*** I am poking at a speculative memoir. This is part one of a chapters. ***
I stand at the threshold of my parents’ house. I have been here before. Don’t open the door, my mind whispers. If I don’t open the door, I will never know. The bliss of ignorance. But the knob has already turned. The door falls open. My father is there. It begins again.
My father, a stout man with black hair and serious eyes, chokes out, “there has been an accident.” Accident… If it had been anyone but him, I would think it an April Fools joke. But coming from him, the word hangs thick in the air, echoing and reverberating. “Accident, accident, accident…” I want to breathe fire on the word, incinerate it, eradicate it from my life, from being true, from the new reality of what my family will become.
The year was 1995. Joy, a high school Spanish teacher, was in Costa Rica as one of the chaperones for her school's International Club. They had taken the group white water rafting on the last day… THE LAST DAY. And it was beautiful. But rafts collided, sending everyone into the swirling chaos of the rapids. All around were sounds of shouting and water breaking on rocks and animals in the jungle. The adrenaline of the calamity that was going on making it impossible to know anything.
What we do know: A man drowned, he died.
Joy might've dove back in. Joy, who was a very good swimmer, might've been pulled under by the drowning man. But we will never know for sure.

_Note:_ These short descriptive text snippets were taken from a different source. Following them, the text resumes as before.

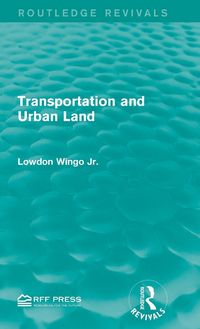 Produktbild: Transportation and Urban Land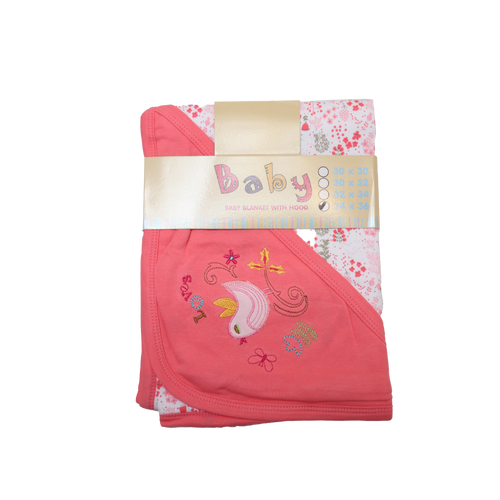 BABY WRAPPING SHAWL HOODED SUMMER-21 1047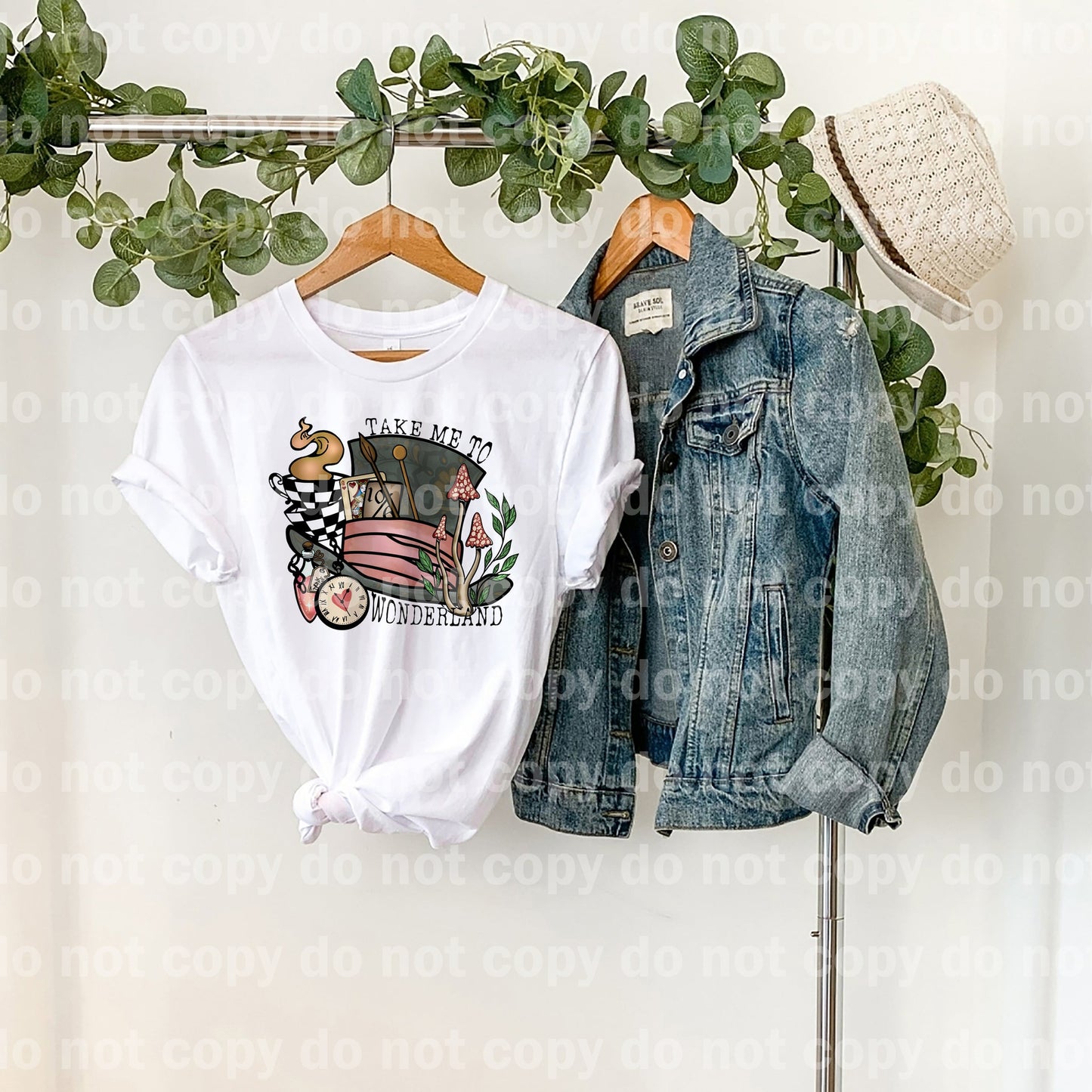 Take Me To Wonderland Dream Print or Sublimation Print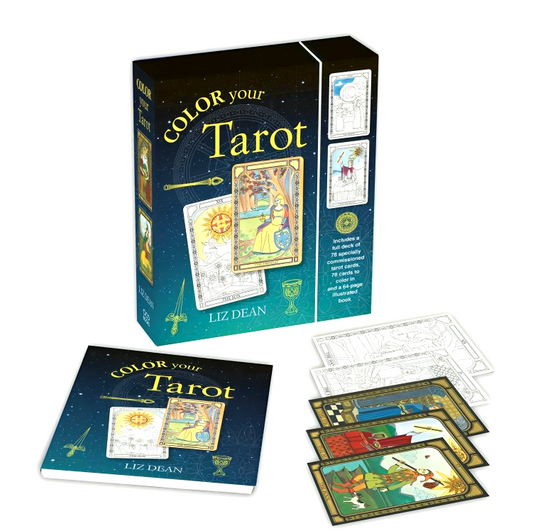 Color Your Tarot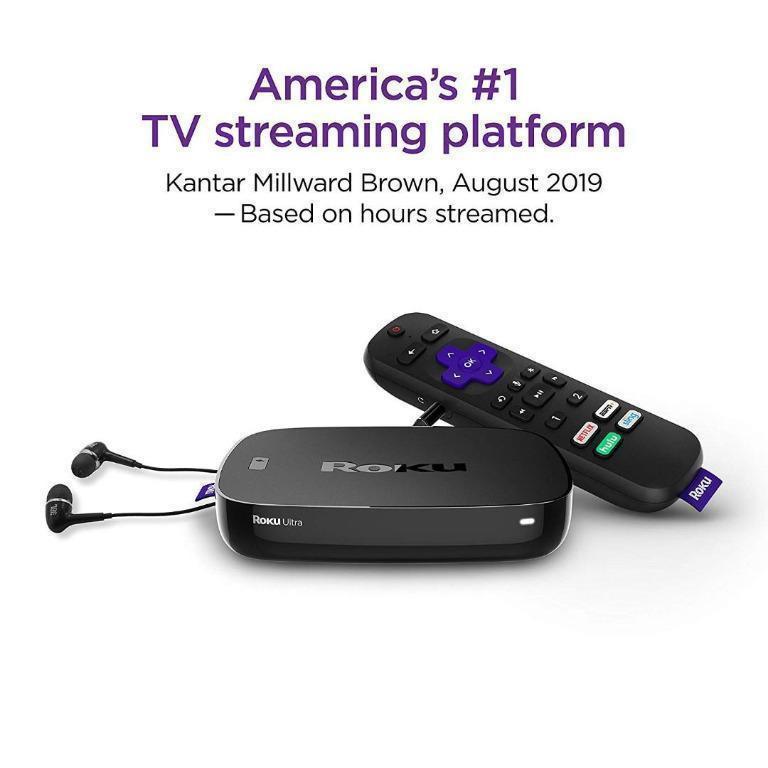 Roku ultra headphones clearance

We also know they found her body floating, face down. They pulled her out. She was dead. Too long in the water. But they revived her. A miracle! (The miracle she could have used, was not drowning in the first place.) An ambulance bouncing over rough terrain. She survived, survived, survived...
Joy, in a coma; Joy, out of the coma. I was not there. Her voice changed; she changed; she was not the Joy I knew. She became other. The accident caused her to transform.
“You have to be the big sister,” she said to me in a moment of clarity, before her transformation was complete. I watched as her neck arched and stretched and feathers sprout all over her body. She squawked as wings blossomed where arms had been. Her legs thinned, her feet flattened and spread out. She became awkward and unsteady on land. Her words were barely intelligible as they poured forth from her beak. “They need you, you’re the oldest now. You have to take care of them.”
But I didn’t know how. I was too busy wallowing; too busy avoiding. My parents turned to paper. I only saw my younger sisters when I would squint. They were so far away. My eyes went black, unseeing. My sisters changed too. One became a veil of darkness and silence. The other was a smile so tight she cracked at the edges. And Joy had become a swan.
Feathers landed on everything. Everything.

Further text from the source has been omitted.